--- Source data Enclosed Below ---
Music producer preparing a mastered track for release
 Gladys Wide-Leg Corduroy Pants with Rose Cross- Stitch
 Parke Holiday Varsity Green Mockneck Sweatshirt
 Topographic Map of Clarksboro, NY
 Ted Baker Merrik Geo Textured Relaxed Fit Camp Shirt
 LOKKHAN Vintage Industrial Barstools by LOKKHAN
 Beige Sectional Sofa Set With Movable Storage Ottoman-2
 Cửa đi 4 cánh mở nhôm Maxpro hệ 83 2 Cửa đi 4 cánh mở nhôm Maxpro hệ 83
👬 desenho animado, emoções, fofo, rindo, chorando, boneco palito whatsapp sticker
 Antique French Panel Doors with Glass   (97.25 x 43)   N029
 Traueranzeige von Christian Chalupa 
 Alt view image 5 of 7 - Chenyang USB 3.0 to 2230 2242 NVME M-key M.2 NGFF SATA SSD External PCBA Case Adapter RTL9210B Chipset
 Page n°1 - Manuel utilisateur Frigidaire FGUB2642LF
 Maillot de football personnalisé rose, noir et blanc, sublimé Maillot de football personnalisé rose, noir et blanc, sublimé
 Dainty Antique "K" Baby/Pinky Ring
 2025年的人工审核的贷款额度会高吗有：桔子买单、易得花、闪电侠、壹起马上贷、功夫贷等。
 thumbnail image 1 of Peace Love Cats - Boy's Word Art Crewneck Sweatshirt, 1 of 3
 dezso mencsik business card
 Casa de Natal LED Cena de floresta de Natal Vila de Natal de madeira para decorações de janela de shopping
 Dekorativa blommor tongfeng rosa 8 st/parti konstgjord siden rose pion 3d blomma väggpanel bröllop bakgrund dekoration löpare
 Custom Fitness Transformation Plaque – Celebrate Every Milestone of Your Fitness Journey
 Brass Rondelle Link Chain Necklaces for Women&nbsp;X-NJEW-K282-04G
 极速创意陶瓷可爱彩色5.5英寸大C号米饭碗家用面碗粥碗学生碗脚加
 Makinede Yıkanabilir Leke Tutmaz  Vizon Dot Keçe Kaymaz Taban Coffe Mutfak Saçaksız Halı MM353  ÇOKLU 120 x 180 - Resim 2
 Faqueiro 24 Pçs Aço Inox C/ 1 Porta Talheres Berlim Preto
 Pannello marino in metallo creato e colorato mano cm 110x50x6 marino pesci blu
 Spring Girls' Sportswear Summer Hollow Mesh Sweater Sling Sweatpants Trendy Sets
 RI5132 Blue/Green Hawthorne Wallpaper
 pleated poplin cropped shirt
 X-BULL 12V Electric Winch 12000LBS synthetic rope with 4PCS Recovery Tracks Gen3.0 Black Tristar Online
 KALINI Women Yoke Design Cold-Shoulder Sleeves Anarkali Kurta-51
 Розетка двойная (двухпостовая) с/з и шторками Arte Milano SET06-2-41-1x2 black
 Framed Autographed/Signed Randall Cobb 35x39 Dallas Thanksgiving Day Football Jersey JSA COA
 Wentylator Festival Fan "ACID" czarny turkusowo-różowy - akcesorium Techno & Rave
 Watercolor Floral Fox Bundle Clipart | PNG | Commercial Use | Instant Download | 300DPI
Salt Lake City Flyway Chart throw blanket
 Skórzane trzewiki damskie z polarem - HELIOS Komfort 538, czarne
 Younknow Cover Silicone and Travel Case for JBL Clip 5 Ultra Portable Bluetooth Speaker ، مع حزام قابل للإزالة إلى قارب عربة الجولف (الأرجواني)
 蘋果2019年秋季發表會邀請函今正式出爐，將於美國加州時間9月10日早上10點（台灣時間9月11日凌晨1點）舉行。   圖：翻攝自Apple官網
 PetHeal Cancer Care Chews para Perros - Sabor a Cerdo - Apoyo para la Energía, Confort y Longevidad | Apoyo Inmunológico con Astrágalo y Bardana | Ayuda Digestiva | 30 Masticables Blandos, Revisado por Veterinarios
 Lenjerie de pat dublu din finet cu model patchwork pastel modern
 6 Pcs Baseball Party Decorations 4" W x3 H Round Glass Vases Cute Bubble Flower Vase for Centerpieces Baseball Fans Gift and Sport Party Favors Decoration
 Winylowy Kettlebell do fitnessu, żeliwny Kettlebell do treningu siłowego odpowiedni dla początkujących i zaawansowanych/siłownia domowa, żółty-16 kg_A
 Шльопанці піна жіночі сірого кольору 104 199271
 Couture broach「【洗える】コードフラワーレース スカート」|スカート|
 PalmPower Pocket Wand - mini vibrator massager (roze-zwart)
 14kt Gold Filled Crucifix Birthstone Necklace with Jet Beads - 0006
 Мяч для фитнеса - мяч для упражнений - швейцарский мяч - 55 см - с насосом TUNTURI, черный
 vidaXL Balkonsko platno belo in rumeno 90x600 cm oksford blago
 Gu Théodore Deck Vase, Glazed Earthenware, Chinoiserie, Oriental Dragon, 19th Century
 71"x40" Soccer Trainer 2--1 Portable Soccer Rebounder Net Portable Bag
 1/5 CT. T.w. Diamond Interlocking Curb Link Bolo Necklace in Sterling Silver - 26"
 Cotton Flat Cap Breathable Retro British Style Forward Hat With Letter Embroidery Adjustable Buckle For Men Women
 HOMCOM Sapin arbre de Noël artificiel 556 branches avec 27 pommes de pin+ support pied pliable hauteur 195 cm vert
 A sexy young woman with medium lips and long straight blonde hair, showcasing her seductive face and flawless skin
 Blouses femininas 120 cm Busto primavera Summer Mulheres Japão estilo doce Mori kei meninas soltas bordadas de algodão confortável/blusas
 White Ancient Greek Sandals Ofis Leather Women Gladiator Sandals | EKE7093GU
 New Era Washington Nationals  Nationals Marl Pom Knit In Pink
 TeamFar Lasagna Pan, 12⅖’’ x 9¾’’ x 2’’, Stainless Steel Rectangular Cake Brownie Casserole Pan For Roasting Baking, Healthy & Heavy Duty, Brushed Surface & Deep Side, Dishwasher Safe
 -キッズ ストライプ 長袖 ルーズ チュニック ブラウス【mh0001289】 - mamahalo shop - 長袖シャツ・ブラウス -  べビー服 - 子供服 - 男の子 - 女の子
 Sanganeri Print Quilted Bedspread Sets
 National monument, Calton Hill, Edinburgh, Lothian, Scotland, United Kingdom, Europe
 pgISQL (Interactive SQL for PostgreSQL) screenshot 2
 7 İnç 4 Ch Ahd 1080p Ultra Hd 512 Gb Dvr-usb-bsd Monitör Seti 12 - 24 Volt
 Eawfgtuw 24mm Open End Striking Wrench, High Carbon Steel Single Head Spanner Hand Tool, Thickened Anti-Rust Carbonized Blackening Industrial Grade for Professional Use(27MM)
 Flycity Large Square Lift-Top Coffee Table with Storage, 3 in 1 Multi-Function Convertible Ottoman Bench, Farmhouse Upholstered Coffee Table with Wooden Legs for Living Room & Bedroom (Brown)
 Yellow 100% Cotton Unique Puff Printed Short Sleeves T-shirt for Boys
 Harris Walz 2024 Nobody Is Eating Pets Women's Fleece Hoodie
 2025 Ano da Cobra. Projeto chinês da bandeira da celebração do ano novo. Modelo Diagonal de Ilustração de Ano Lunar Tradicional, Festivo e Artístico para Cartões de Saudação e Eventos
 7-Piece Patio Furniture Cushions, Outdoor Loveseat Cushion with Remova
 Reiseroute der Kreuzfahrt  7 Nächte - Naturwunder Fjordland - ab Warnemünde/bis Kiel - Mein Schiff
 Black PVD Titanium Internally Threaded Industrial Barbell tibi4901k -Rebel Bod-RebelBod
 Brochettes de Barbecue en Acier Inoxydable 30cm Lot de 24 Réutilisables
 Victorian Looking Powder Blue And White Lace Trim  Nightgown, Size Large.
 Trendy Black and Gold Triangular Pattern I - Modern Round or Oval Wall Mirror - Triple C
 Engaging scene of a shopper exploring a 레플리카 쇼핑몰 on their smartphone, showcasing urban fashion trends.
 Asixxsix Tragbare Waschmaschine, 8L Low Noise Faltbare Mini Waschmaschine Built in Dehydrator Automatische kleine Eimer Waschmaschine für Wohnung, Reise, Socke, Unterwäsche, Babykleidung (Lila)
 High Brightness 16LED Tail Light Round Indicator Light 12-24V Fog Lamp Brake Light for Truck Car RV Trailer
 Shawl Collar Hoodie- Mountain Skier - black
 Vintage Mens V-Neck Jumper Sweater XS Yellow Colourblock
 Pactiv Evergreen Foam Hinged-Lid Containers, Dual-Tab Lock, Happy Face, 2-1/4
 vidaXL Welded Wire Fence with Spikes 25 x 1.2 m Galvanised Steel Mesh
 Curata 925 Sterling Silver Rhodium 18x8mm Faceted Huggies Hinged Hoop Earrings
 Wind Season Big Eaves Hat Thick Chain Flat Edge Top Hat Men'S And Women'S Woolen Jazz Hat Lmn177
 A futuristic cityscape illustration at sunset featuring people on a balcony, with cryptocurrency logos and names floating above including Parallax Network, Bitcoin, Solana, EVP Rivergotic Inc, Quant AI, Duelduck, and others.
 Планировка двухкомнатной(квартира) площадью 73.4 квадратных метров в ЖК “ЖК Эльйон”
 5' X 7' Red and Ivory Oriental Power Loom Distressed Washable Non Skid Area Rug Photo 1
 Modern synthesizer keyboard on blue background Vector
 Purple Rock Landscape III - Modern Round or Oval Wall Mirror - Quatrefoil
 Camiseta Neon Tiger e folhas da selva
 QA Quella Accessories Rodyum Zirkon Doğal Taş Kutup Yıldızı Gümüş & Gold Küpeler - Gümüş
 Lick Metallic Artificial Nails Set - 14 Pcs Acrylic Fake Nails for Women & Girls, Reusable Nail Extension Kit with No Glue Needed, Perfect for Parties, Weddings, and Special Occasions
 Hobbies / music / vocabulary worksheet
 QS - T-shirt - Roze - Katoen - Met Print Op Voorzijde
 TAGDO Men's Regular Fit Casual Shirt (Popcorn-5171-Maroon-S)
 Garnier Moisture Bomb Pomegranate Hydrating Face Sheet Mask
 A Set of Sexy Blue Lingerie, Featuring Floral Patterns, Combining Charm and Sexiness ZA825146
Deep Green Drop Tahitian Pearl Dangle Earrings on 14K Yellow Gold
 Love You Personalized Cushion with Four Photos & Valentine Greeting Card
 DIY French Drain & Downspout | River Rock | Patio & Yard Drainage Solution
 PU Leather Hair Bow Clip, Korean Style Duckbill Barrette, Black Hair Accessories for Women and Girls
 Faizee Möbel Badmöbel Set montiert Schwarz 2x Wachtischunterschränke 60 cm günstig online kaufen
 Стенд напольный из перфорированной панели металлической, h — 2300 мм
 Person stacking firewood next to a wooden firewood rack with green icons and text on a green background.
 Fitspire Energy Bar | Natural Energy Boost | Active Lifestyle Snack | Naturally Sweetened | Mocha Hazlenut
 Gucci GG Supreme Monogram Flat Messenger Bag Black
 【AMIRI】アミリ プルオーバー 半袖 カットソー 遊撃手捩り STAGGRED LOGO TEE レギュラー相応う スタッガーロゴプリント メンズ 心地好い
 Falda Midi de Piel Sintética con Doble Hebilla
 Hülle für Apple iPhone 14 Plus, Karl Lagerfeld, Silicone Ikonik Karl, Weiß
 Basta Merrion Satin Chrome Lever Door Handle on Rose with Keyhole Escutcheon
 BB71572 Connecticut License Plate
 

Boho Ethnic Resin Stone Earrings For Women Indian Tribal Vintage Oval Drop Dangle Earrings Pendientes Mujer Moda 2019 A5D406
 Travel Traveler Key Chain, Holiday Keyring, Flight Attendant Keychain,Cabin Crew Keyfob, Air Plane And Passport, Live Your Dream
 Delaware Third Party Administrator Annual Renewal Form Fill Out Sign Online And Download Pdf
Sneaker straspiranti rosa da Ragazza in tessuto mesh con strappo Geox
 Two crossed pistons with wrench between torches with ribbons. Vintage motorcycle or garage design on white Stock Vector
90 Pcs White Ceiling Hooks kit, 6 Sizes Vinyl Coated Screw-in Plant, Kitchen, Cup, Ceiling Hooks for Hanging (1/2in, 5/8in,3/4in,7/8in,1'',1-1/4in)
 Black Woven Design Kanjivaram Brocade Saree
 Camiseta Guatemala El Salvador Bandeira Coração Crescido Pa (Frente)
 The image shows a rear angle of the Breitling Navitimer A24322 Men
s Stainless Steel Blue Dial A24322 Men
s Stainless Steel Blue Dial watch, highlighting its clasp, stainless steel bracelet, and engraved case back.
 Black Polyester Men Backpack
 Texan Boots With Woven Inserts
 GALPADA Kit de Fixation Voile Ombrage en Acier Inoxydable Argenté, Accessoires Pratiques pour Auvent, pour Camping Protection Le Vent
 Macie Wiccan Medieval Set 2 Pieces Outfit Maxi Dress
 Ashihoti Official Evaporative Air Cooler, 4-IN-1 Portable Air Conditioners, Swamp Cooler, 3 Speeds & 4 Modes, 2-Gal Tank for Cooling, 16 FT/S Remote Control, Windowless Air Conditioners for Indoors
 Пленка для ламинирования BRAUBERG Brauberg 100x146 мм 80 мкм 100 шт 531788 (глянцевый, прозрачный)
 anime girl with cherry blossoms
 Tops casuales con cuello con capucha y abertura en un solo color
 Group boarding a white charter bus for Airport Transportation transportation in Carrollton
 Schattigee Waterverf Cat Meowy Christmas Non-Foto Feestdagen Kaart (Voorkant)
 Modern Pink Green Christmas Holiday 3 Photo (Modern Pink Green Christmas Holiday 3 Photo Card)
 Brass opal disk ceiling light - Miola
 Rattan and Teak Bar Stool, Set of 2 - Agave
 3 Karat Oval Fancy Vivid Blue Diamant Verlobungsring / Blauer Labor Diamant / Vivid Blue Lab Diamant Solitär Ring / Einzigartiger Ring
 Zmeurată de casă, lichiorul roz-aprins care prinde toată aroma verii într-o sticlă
--- End of Enclosed Source data ---
Each line in the records above that contains the word "Dial" must be copied.

Exercise answer:
s Stainless Steel Blue Dial A24322 Men
s Stainless Steel Blue Dial watch, highlighting its clasp, stainless steel bracelet, and engraved case back.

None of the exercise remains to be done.